When my boyfriend and I first broke up and I moved out on my own it was very difficult to find a place, I almost gave up and left her with him. :( I found a few places, one I loved and was near the lake, but it was $800/month. I finally found one that stated in the ad "one dog welcome" and was $650/mnth, I nabbed it, unfortunately it was with an elderly lady who was a little needy and a little senile, I only lived there for three months when a friend of mine bought a house with a basement apartment and offered it to me, a month later I moved in and we have been here for 10 months. I know if anything were to go wrong here I'd either have to move back in with my mom or buy a mobile home and live in a trailer park (which I am seriously thinking of doing).

mummummum
September 26th, 2006, 11:05 PM
Having a dog(s) in a highrise is certainly more challenging and requires a greater errrr... commitment to exercise (:D) than does having a dog while living in a house with a backyard. When it's 3 a.m. and somebody's gotta go NOW, you can't just throw on a robe and fling open the back door! Nope and it's the full-meal deal in the middle of winter. And although there may be days when you are just plain tired or look a fright but, you STILL have to walk that baby in plain view of enquiring minds ~ no tossing the ball in the backyard while Mum sips a martooni!

With regard to your kitty, you may not be permitted to erect ANY kind of a barrier on a condo balcony as many have particular rules about maintaining a common exterior appearance.
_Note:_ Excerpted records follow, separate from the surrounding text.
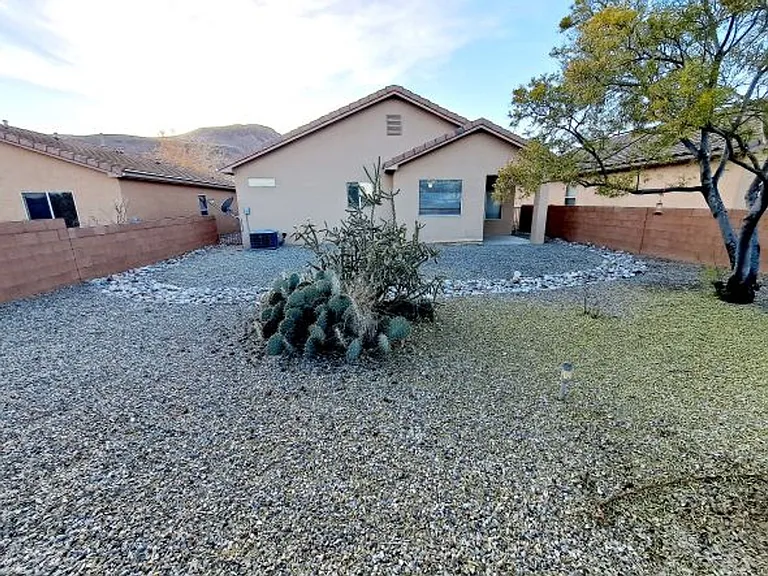 930 Desert Senna Ave SW — Photo 28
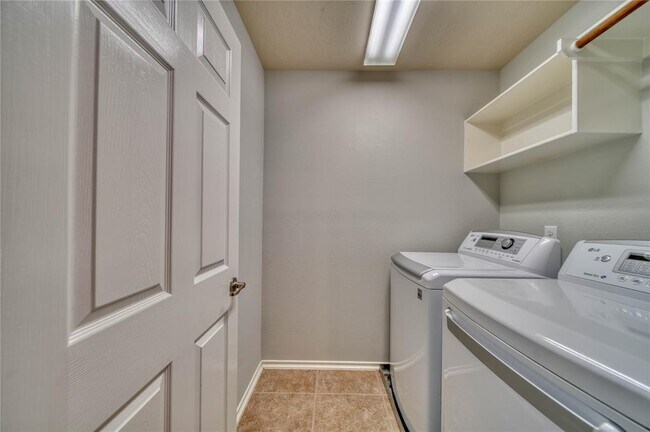 Building Photo - 43 Whitekirk Pl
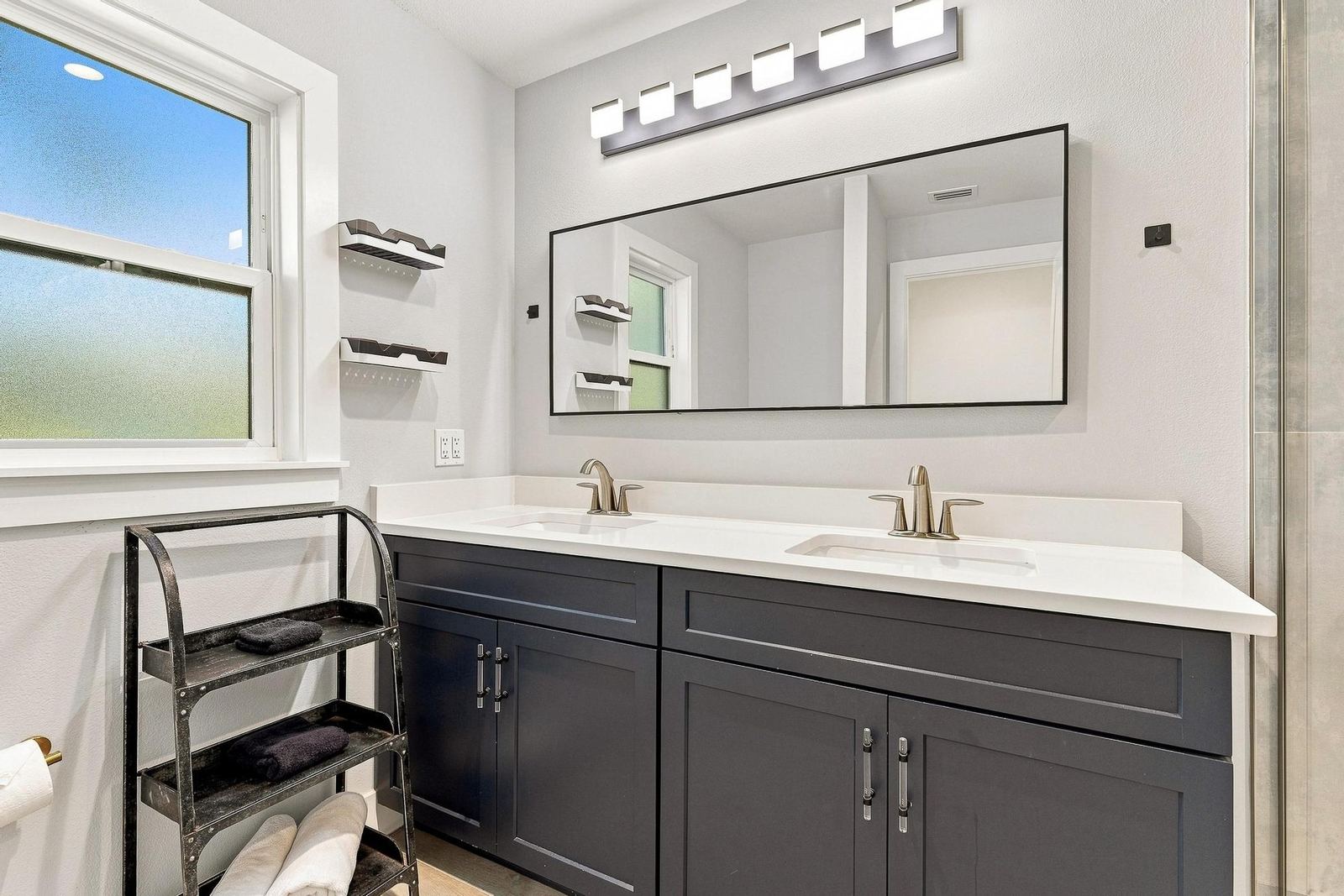 Ground-floor bathroom with double vanity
I vote for the duplex with a backyard.

Shaykeija
September 27th, 2006, 01:03 AM
when we lived on the 4th floor apartment with Dallas and she had to go out in the middle of the night, I just put my house coat on ( summer) and a coat ( winter) and went out like that. tough nuggies to anyone who looked. Any way who was going to mess with a 120 pound husky wolf, sheppard. And a crabby blonde.:evil:

mummummum
September 27th, 2006, 01:11 AM
Uh-huh ..and how deep are the snow drifts in Dallas in February ?:eek:

SunGurl372
September 27th, 2006, 08:21 AM
when we lived on the 4th floor apartment with Dallas and she had to go out in the middle of the night, I just put my house coat on ( summer) and a coat ( winter) and went out like that. tough nuggies to anyone who looked.

Too funny. I do this now with Harley, as I'm on the second story of an apartment building. When I first got her, I used to make sure I brushed my hair or at least put it up in a ponytail before going out. Now I stumble outside, bedhead and all, in nothing but pj's (but it's Florida, so a bit easier to get away with!!) and flipflops.

I think I've frightened small children on occasion. :D

technodoll
September 27th, 2006, 08:45 AM
guess who had to get up at 4am this morning to take the farting dog out? in 6C weather? :frustrated: it rarely happens but when it does, it's not much fun. i've learned the art of dressing in the dark in under 45 seconds and nevermind the cold, it's a walk around the block and that's it! if anyone crosses my path with me looking like a witch, it's their problem :D

mummummum
September 27th, 2006, 02:42 PM
:sorry: :offtopic: When we have a bout of "The Emergencies" in my house during the winter I usually end up a pile of clothes at the toilet: boots with socks in them pants ready to jump into, sweater with sleeves already in the fleece coat... heavy coat hanging on the door knob with hat, mitts and scarf stuffed in the pockets....kind of like what I imagine a fire station must look like (sadly missing the hunky firefighters...:sad: ) but - hey I can get out the door in two minutes or less!

Hats ladies...it's all in the hats. Camouflage the fright-wig looking bedhead with a good baseball cap.